Eighty-five-year-old Marcel lives alone with his memories of World War II — his short-lived days as a soldier before his capture and imprisonment by the Germans. He’s got one thing left to do before he dies: find the bugle he buried by the Maginot Line. When his granddaughter Andrea stops by with her burgeoning rural taxi business, he hops a ride to the site of his regiment’s defeat… only to find things have changed. This is Alexandre Clérisse’s fierce, tender, and timely rumination on the horrors of war and the lies we tell ourselves.
Alexandre, tell us the story behind The Bugle Boy.

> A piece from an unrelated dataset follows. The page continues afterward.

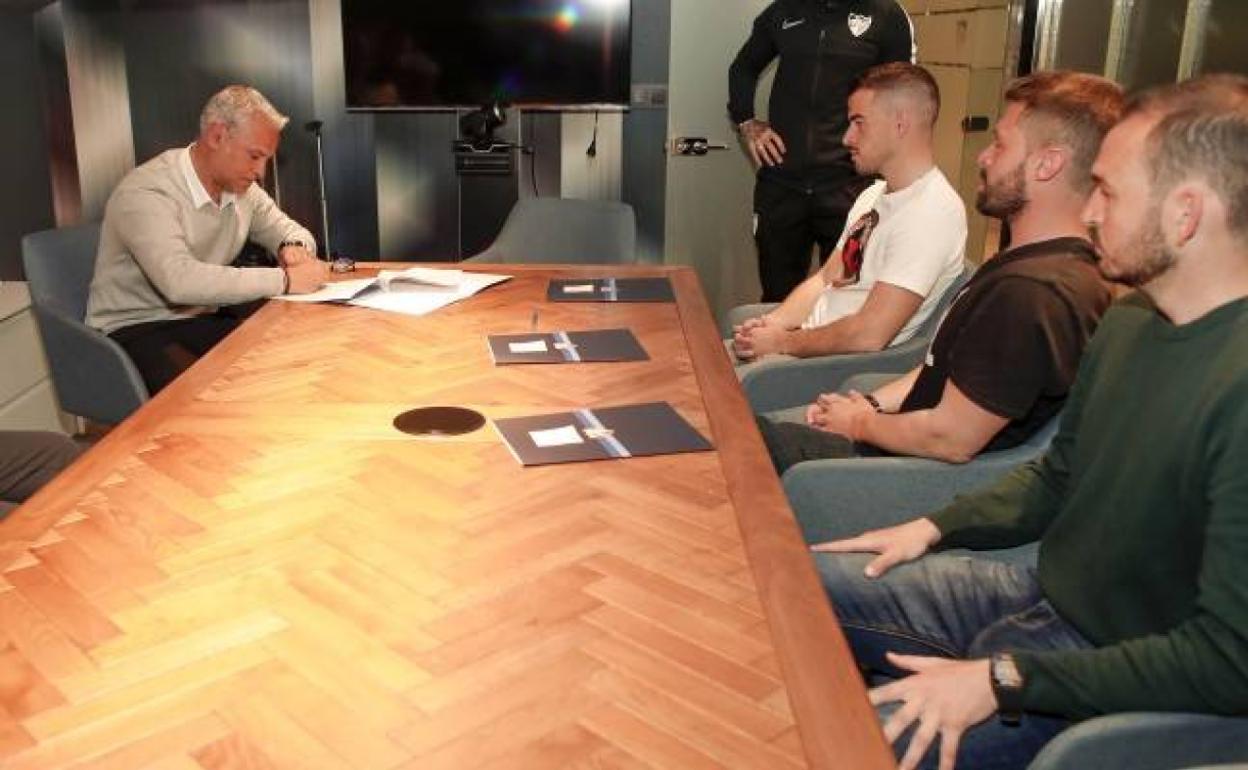 Sergio Pellicer, en el momento de la rúbrica del documento, en una mesa junto a sus ayudantes Manolo Sánchez, Dani Lima y Julio Rodríguez.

It’s a true story. When I was little my grandfather told me the story of his life during World War I. He was a bugler in the army, and during the fighting his commanders asked him to bury his bugle for fear of being spotted, as the copper bugle shined too brightly in the sun. Soon afterward they were taken prisoner… I imagined that the instrument was still buried there and that a grandfather like mine would come back later on in search of it. It’s a pretext that allows the character to revive his memories. There are two levels of reading: the present, with the grandfather and his granddaughter who helps him search for the bugle; and the past, through which we discover the circumstances and reasons for the bugle’s hiding place.
Did the success of Jazz Club, your first published album, change anything in your way of working?
After the book’s release, I met with readers and I discovered their opinions, what they liked and why. I saw what kind of story I could work toward depending on my own desires and the public’s feedback. For The Bugle Boy I’m really happy because my grandfather was delighted to see his story brought to life.